» ACTION ITEM:
Please repeat word for word the line containing "Used Mercedes-Benz E" and every following line up to and including the last one below, pictures excluded.

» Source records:
○ ○ ○ ○ ○

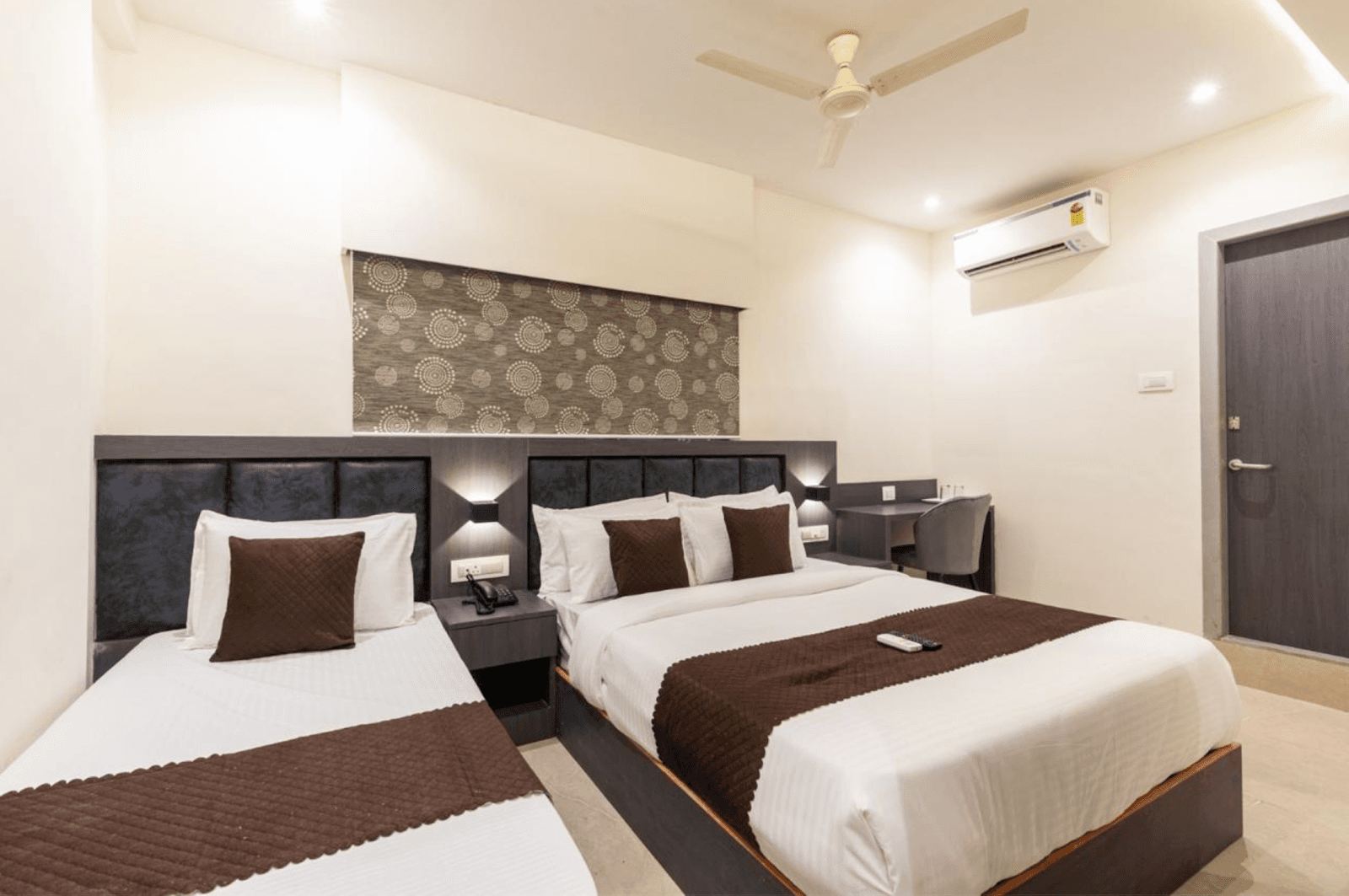 Hotel Artilla Borivali – photo 2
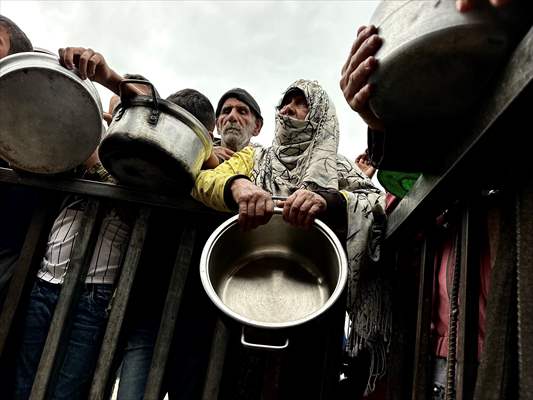 Hot meals distributed to Palestinians in Gaza under Israeli attacks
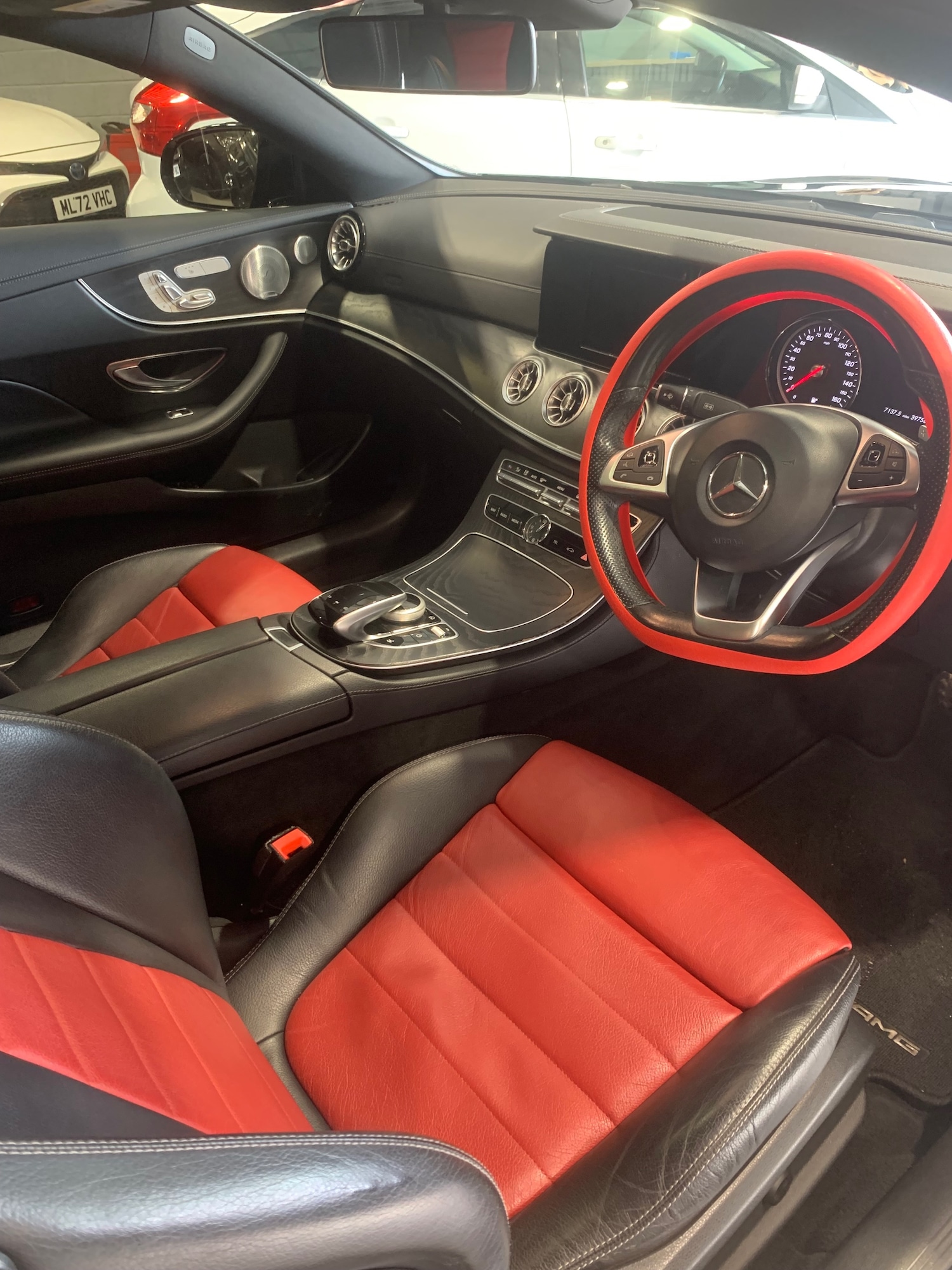 Used Mercedes-Benz E Class 2018 for sale - 76379693: Photo 8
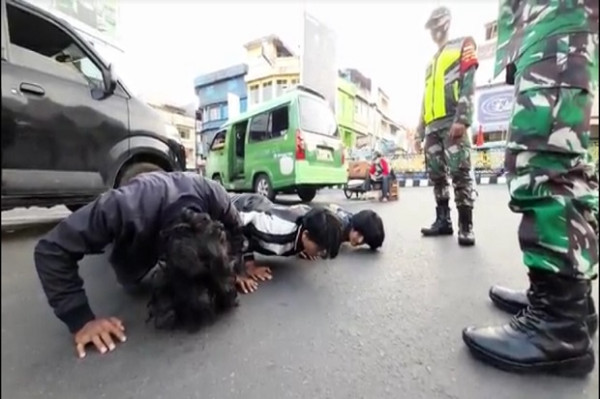 Bandel di Tempat Umum, Sejumlah Pemuda di Bandar Lampung Disanksi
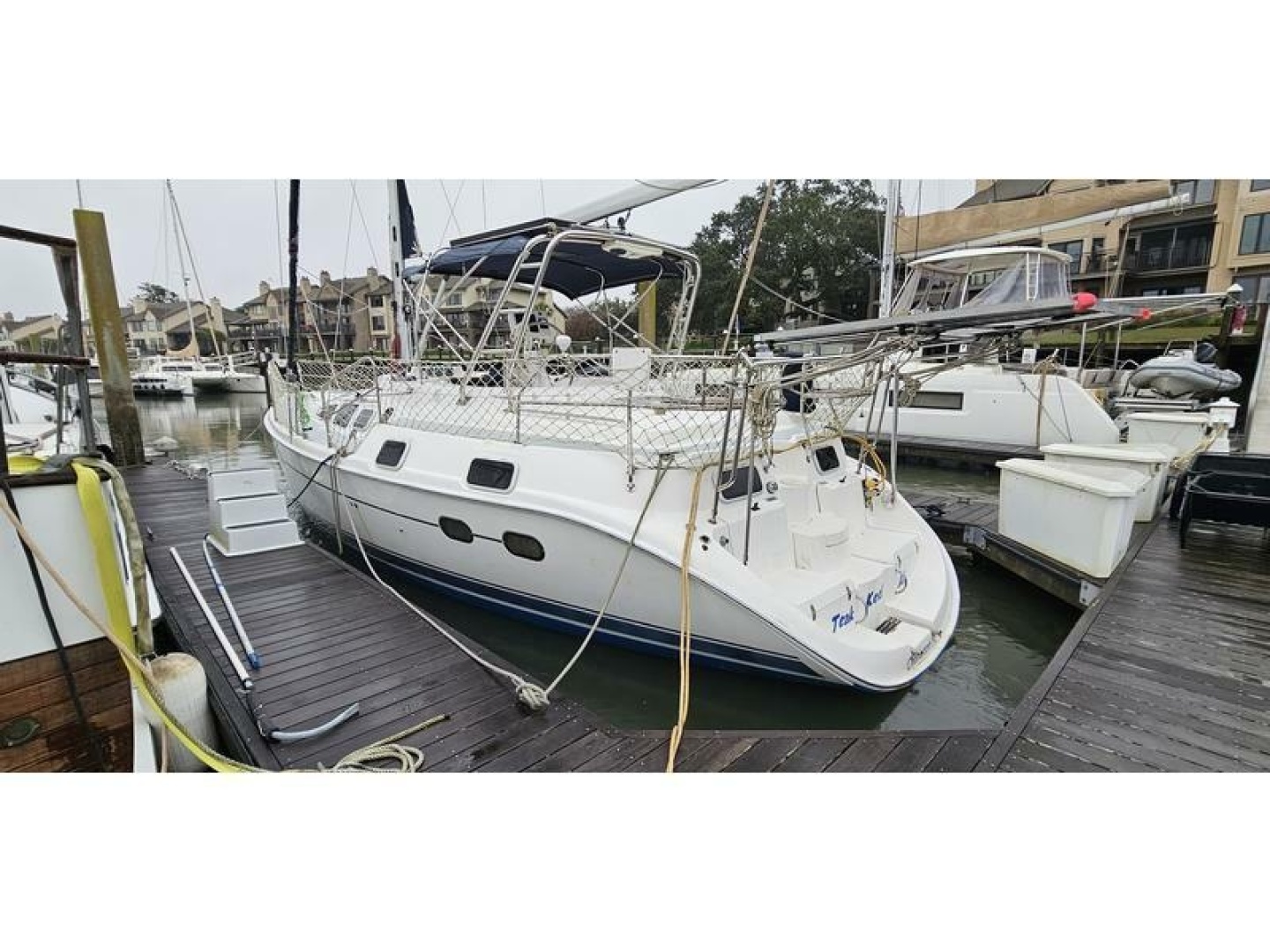2002 Hunter 420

○ ○ ○ ○ ○

» THE ANSWER:
 Used Mercedes-Benz E Class 2018 for sale - 76379693: Photo 8
 Bandel di Tempat Umum, Sejumlah Pemuda di Bandar Lampung Disanksi
2002 Hunter 420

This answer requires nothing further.